Heinrich Gerlach, Oberleutnant rattaché à la 14e Panzerdivision de la Wehrmacht pendant la bataille de Stalingrad, prévient ainsi ses lecteurs : « Ce livre est un roman. Essayer de trouver des personnes réelles derrière les acteurs de ces événements, à l’exception de ceux qui sont connus de tous, serait sans objet. » Et pourtant tout est vrai. Rien n’est occulté de l’horreur du « chaudron » de Stalingrad. Ni les tirs d’artillerie et les bombardements meurtriers, ni la famine et encore moins les errements du haut commandement de l’armée allemande chaque jour un peu plus aveuglé par la volonté suicidaire d’Adolf Hitler de refuser toute forme de reddition.
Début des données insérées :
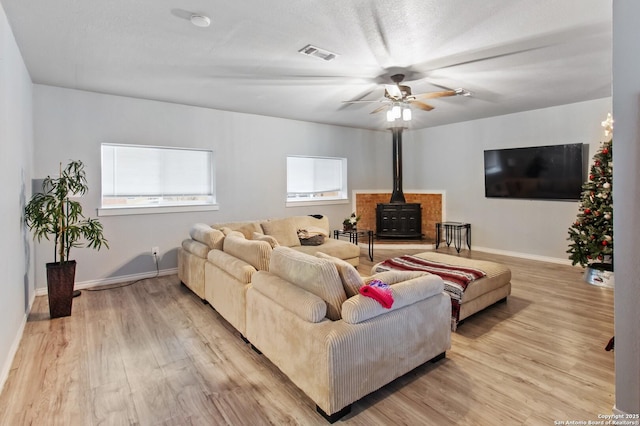 living room featuring ceiling fan, plenty of natural light, light wood-type flooring, and a wood stove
Confisqué par les services secrets soviétiques en 1949 et retrouvé dans les archives au début des années 90 par l’universitaire allemand Carsten Gansel, ce témoignage terrifiant écrit par Gerlach (1908 -1991) pendant sa longue captivité en URSS est un réquisitoire sans appel sur ce qui fut considéré à l’époque, le 2 février 1943, comme « la plus grande défaite de l’histoire allemande. » Vécu à hauteur d’homme, au plus près des étatsmajors comme dans la boue des combats, Eclairs lointains est le récit bouleversant et méticuleux du lent délitement d’un monde. Après l’ivresse des victoires, soudain, tout s’enlise. Les visages, rongés par le froid et la peur, s’affaissent, les beaux uniformes se fanent. Les héros sont des lâches. L’armée s’enterre et meurt. Bientôt, il n’y a plus rien d’autre que la défaite et la honte d’être encore vivant.